▶ Problem description: A picture should never appear in your copy. Transcribe the listing exactly from its first line through the line with "G -21110-G EDI_FIC 01x Silver Watch.", both ends included.
================================
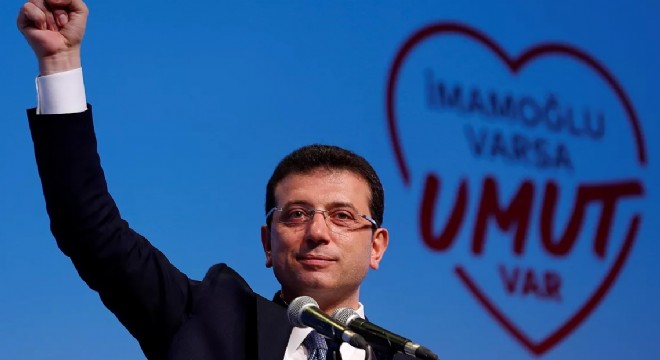 İmamoğlu ndan İzmir mesajı: Coşkuyla izleyeceğim 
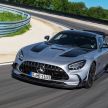 Mercedes-AMG GT Black Series C190 padat dengan peningkatan prestasi, kuasa 720 hp dan tork 800 Nm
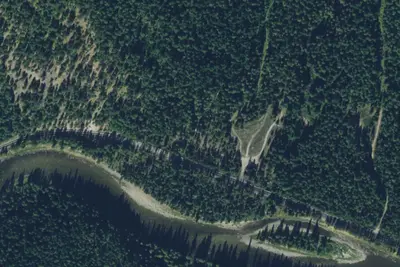 Camp site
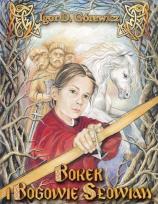 Okładka książki Borek i bogowie Słowian audiobook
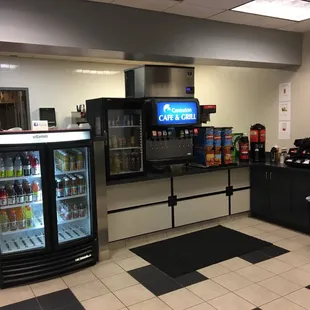 Centurion Cafe &amp; Grill - Cool breakfast place!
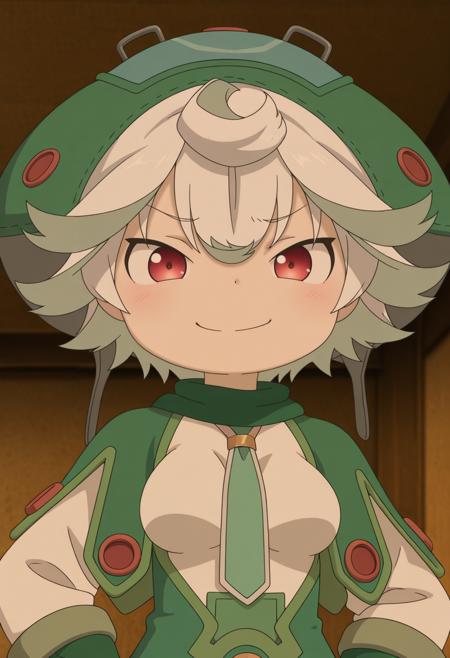 prushka (made in abyss) v1.0 [Illustrious]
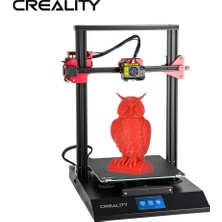 Creality CR-10S Pro Yükseltilmiş Otomatik Tesviye 3D (Yurt Dışından)
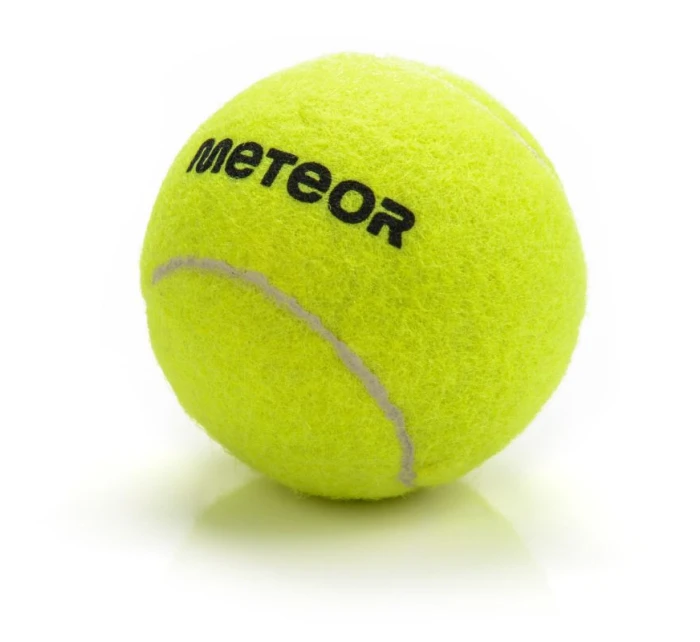 Meteor tenisový míček 3ks 19000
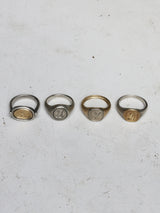 【期間限定販売】NEW Signet Ring Oval ~2026/6/21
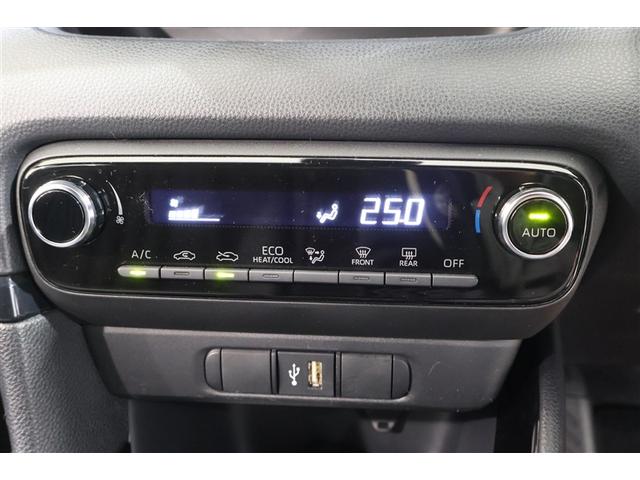 ヤリス ハイブリッドG メモリーナビ ミュージックプレイヤー接続可 バックカメラ 衝突被害軽減システム ETC(20枚目)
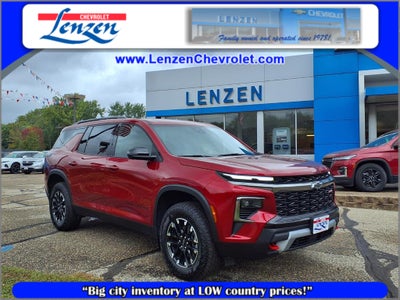 2024 Chevrolet Traverse Z71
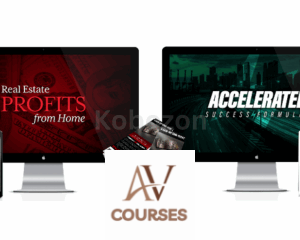 Real Estate Profits From Home + Accelerated Success Formula by Dean Graziosi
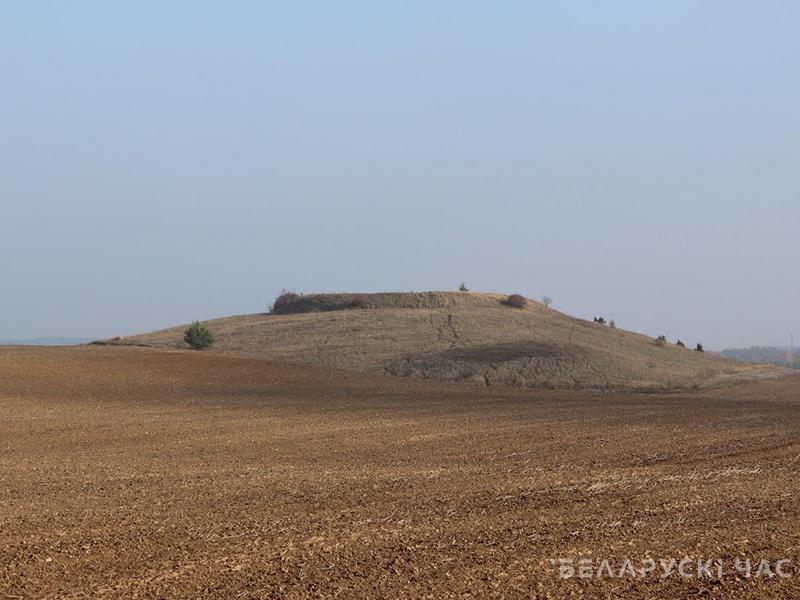 Ancient settlement &quot;Plate&quot;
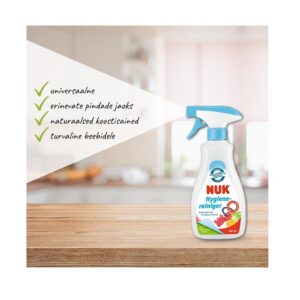 hügieeniline üldpuhastusvahend NUK 360ml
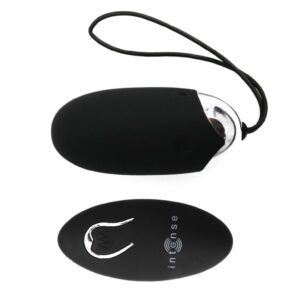 Intense Remote Control-Flippy II Ou Vibrator cu Telecomandă-Negru 9 Intense Remote Control-Flippy II Ou Vibrator cu Telecomandă-Negru - imagine 4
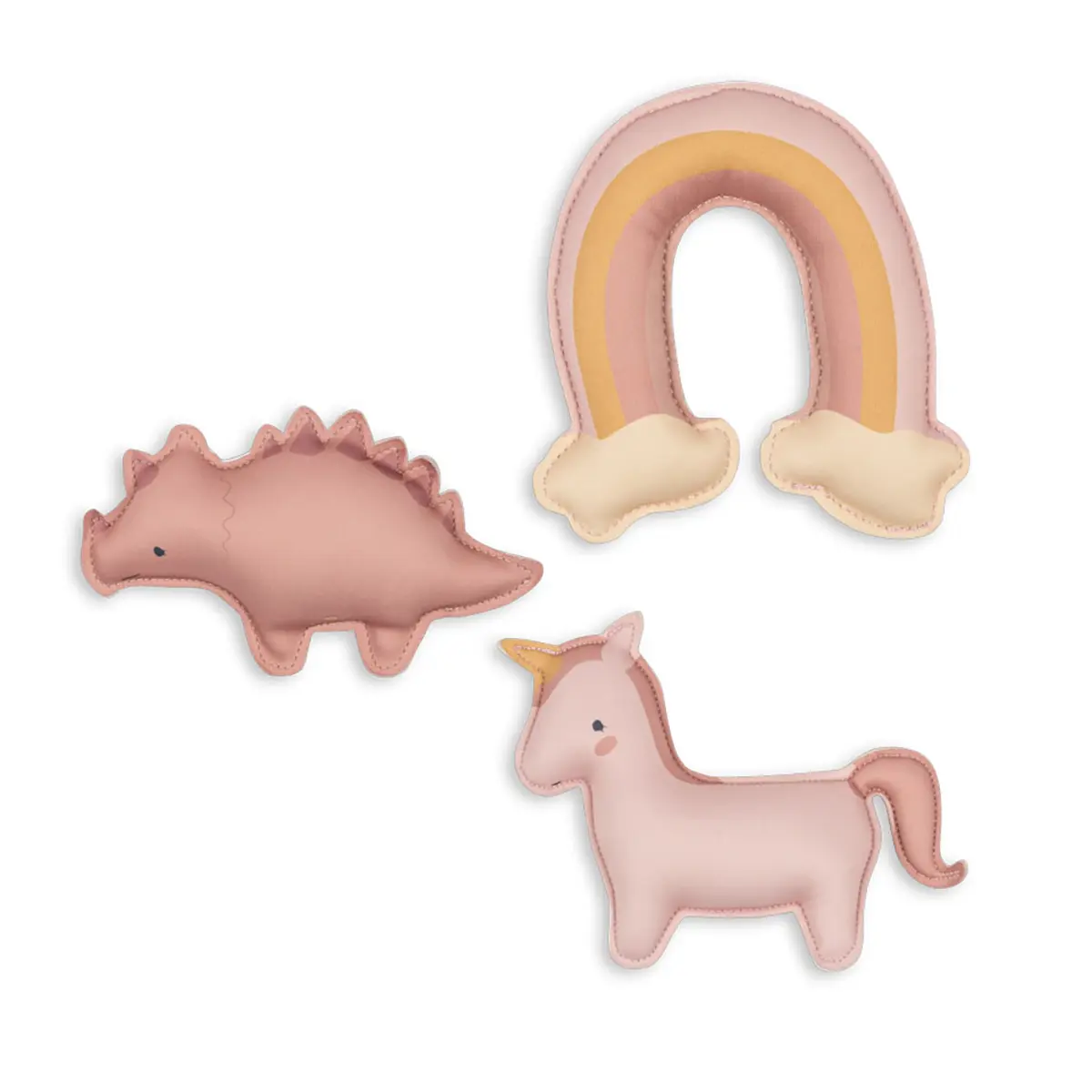 Konges Sløjd Tauchspielzeug-Set „Unicorn“ aus Neopren
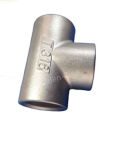 Pipe Fitting Parts Precision Casting-OEM Part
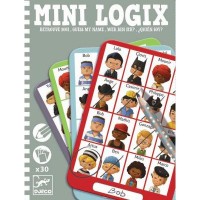 Настольная игра Djeco Кто я? Жуль (DJ05356)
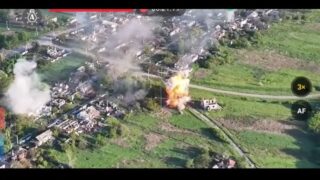Ukraine Captures Zhuravlevka in Belgorod! Russia Launches Big Counterattack with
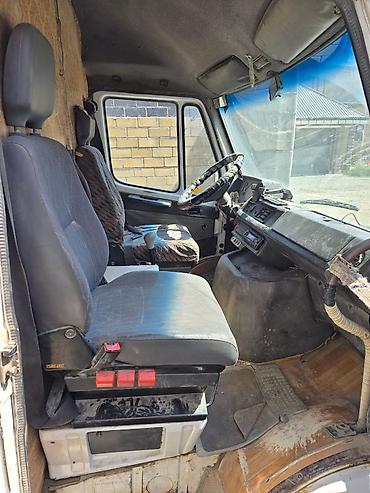 sprinter 2 2: Mercedes-Benz T1: 1993 г., Дизель, Фургон — 4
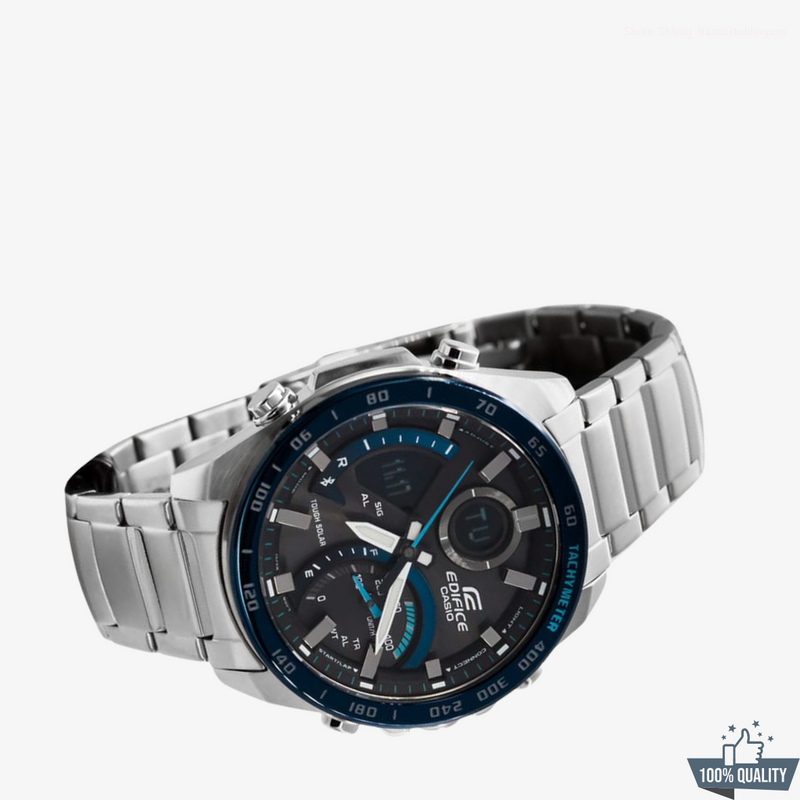 G -21110-G EDI_FIC 01x Silver Watch.
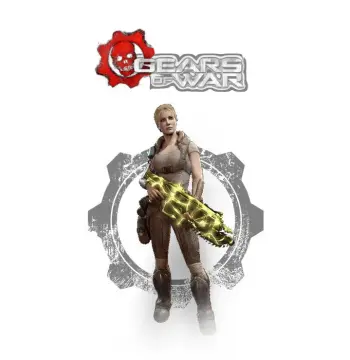 Gears of War: Ultimate Edition - Civilian Anya and Animated Imulsion Weapon Skin Bundle DLC XBOX One / Xbox Series X|S CD Key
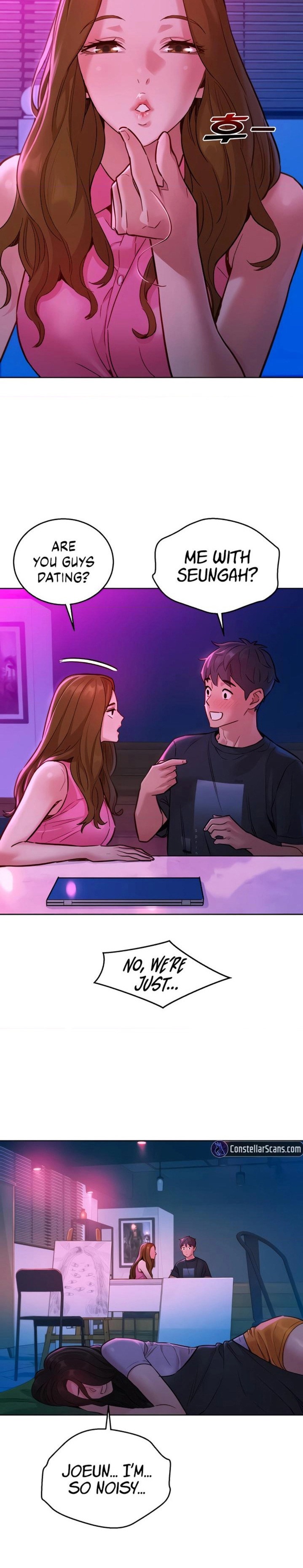 Let’s Hang Out from Today - Chapter 23 [photo 8] - MangaPorn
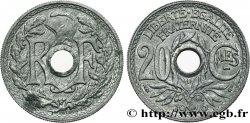 20 centimes Lindauer 1946 Beaumont-Le-Roger F.155/6 MS61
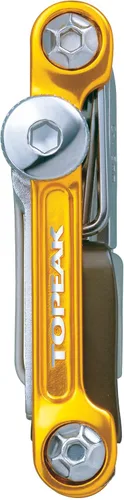 Vista 4 de Topeak Mini herramienta Mini 20 Pro (dorado)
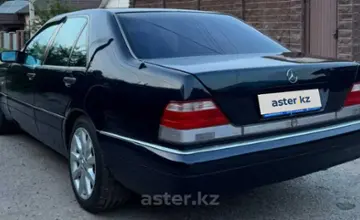 Mercedes-Benz S-Класс 1991 года за 3 500 000 тг. в Алматинская область фото 4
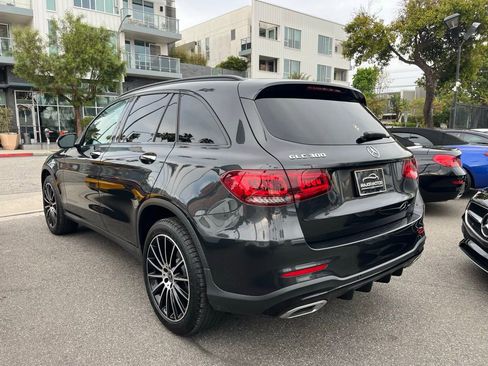 Used 2020 Mercedes-Benz GLC 300 image 10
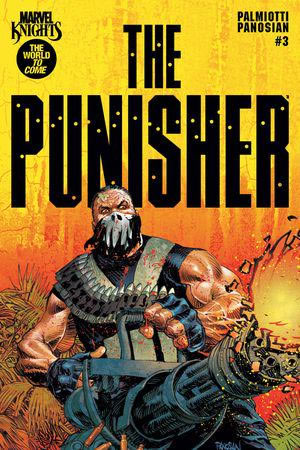 Marvel Knights: Punisher (2025) #3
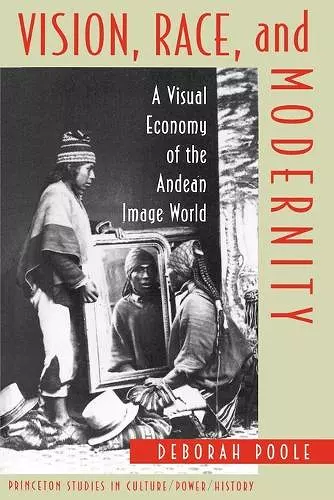 Vision, Race, and Modernity cover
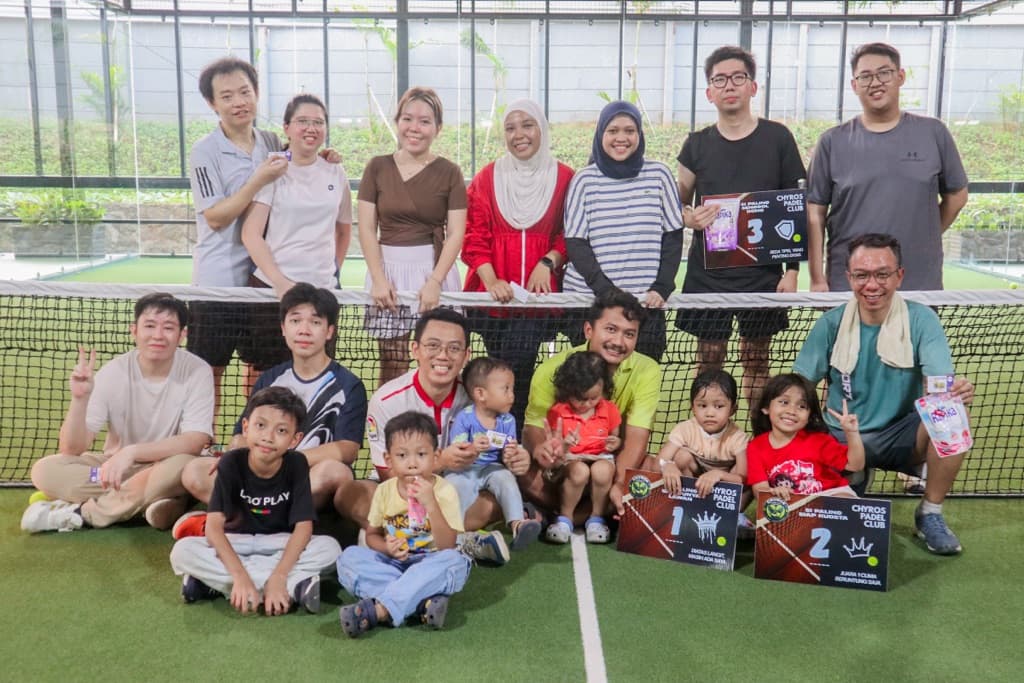 Chyros Padel Club media 5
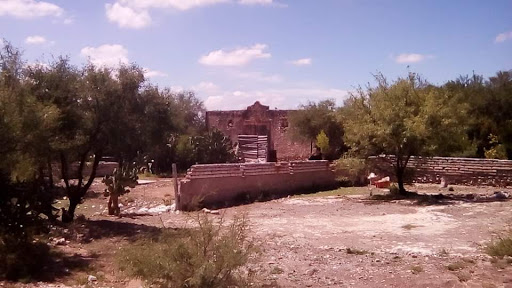 Presidio y camino real de tierra adentro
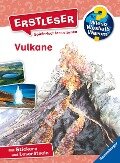 Cover-Bild zum Titel 'Wieso? Weshalb? Warum? Erstleser: Vulkane (Band 2)' von 'Sandra Noa'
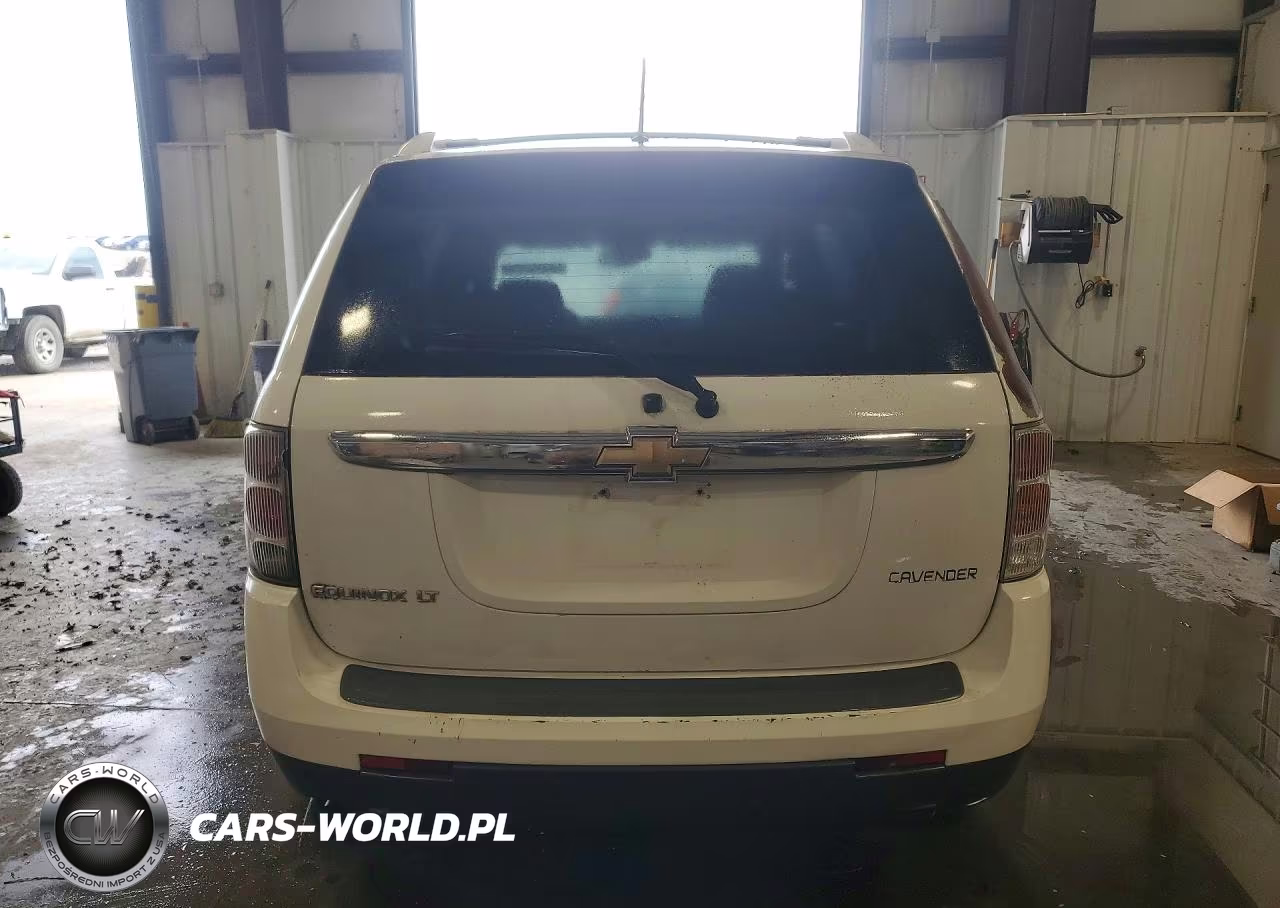 2009 Chevrolet Equinox Lt VIN:2CNDL53F796224579 - 6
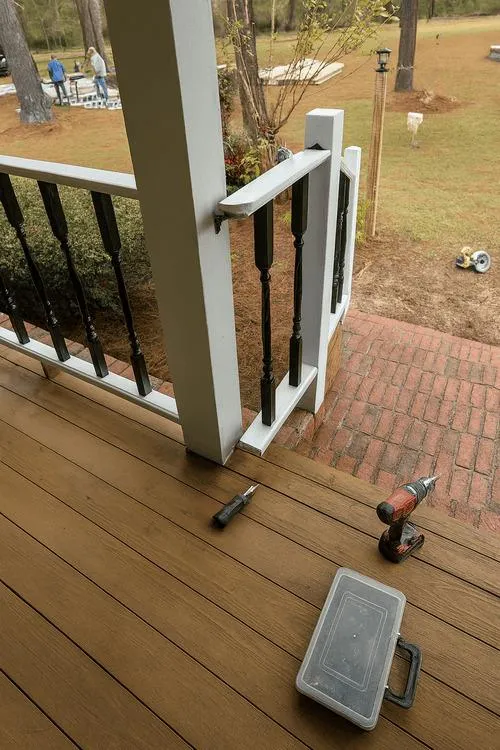 Jekyll island Trim Installation & Repair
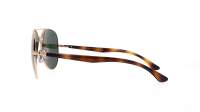 Ray-Ban RB3675 001/31 58-14 Arista Gold Mittel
================================
▶ Problem solution:
 İmamoğlu ndan İzmir mesajı: Coşkuyla izleyeceğim 
 Mercedes-AMG GT Black Series C190 padat dengan peningkatan prestasi, kuasa 720 hp dan tork 800 Nm
 Camp site
 Okładka książki Borek i bogowie Słowian audiobook
 Centurion Cafe &amp; Grill - Cool breakfast place!
 prushka (made in abyss) v1.0 [Illustrious]
 Creality CR-10S Pro Yükseltilmiş Otomatik Tesviye 3D (Yurt Dışından)
 Meteor tenisový míček 3ks 19000
 【期間限定販売】NEW Signet Ring Oval ~2026/6/21
 ヤリス ハイブリッドG メモリーナビ ミュージックプレイヤー接続可 バックカメラ 衝突被害軽減システム ETC(20枚目)
 2024 Chevrolet Traverse Z71
 Real Estate Profits From Home + Accelerated Success Formula by Dean Graziosi
 Ancient settlement &quot;Plate&quot;
 hügieeniline üldpuhastusvahend NUK 360ml
 Intense Remote Control-Flippy II Ou Vibrator cu Telecomandă-Negru 9 Intense Remote Control-Flippy II Ou Vibrator cu Telecomandă-Negru - imagine 4
 Konges Sløjd Tauchspielzeug-Set „Unicorn“ aus Neopren
 Pipe Fitting Parts Precision Casting-OEM Part
 Настольная игра Djeco Кто я? Жуль (DJ05356)
Ukraine Captures Zhuravlevka in Belgorod! Russia Launches Big Counterattack with
 sprinter 2 2: Mercedes-Benz T1: 1993 г., Дизель, Фургон — 4
 G -21110-G EDI_FIC 01x Silver Watch.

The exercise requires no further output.